You can define new units which will be used when generating
string representations of quantities simply by doing an
arithmetical operation with only units, for example::
Nm = newton * metre
Note that operations with units are slower than operations with
:class:`Quantity` objects, so for efficiency if you do not need the
extra information that a :class:`Unit` object carries around, write
``1*second`` in preference to ``second``.
'''
# original documentation
"""A physical unit
Basically, a unit is just a quantity with given dimensions, e.g.

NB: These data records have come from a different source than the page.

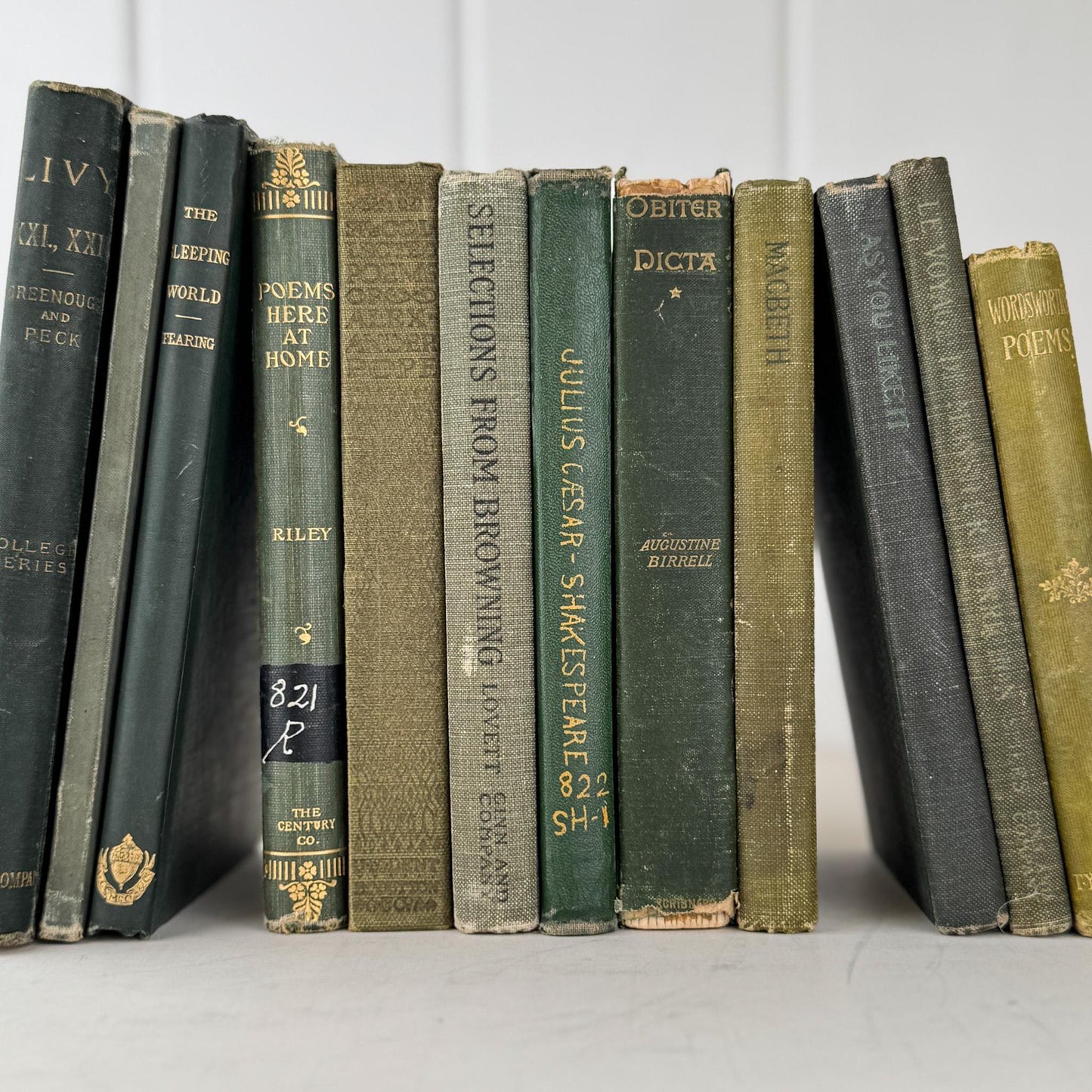 Small Antique Green Book Bundle of Shakespeare, Classics, Poetry - Pretty Old Books
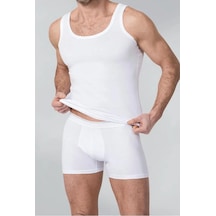 Alissa 195 Erkek Modal Atlet Boxer Takım-beyaz Beyaz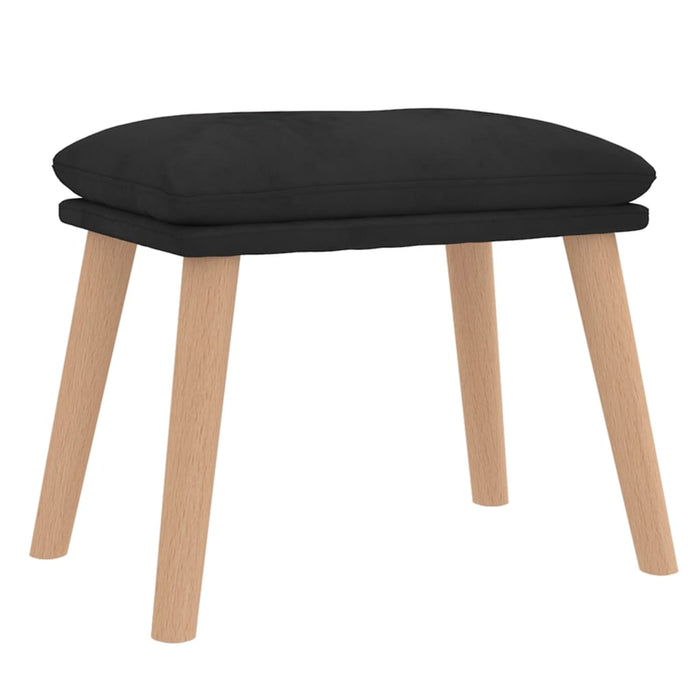 Scaun de relaxare cu taburet, negru, catifea - WALTI WALTI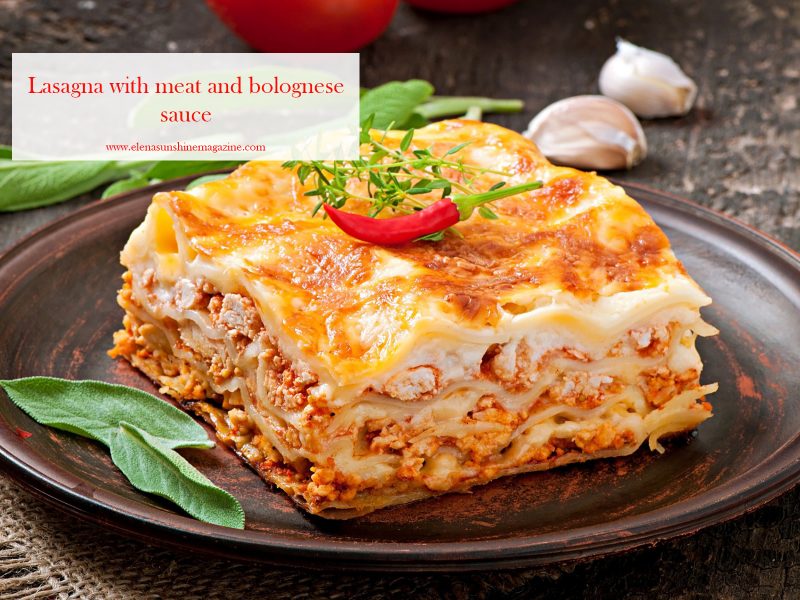 Lasagna with meat and bolognese sauce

mvolt = 0.001 with the dimensions of voltage. The units module
defines a large number of standard units, and you can also define
your own (see below).
The unit class also keeps track of various things that were used
to define it so as to generate a nice string representation of it.
See Representation below.
Typical usage:
x = 3 * mvolt # returns a quantity
print x.in_unit(uvolt) # returns 3000 uV
Standard units:
The units class has the following fundamental units:
metre, kilogram, second, amp, kelvin, mole, candle
And these additional basic units:
radian, steradian, hertz, newton, pascal, joule, watt,
coulomb, volt, farad, ohm, siemens, weber, tesla, henry,
celsius, lumen, lux, becquerel, gray, sievert, katal
And additionally, it includes all scaled versions of these
units using the following prefixes
Factor Name Prefix
----- ---- ------
10^24 yotta Y
10^21 zetta Z
10^18 exa E
10^15 peta P
10^12 tera T
10^9 giga G
10^6 mega M
10^3 kilo k
10^2 hecto h
10^1 deka da
1
10^-1 deci d
10^-2 centi c
10^-3 milli m
10^-6 micro u (\mu in SI)
10^-9 nano n
10^-12 pico p
10^-15 femto f
10^-18 atto a
10^-21 zepto z
10^-24 yocto y
So for example nohm, ytesla, etc. are all defined.
Defining your own:
It can be useful to define your own units for printing
purposes. So for example, to define the newton metre, you
write:
Nm = newton * metre
Writing:
print (1*Nm).in_unit(Nm)
will return "1 Nm" because the Unit class generates a new
display name of "Nm" from the display names "N" and "m" for
newtons and metres automatically (see Representation below).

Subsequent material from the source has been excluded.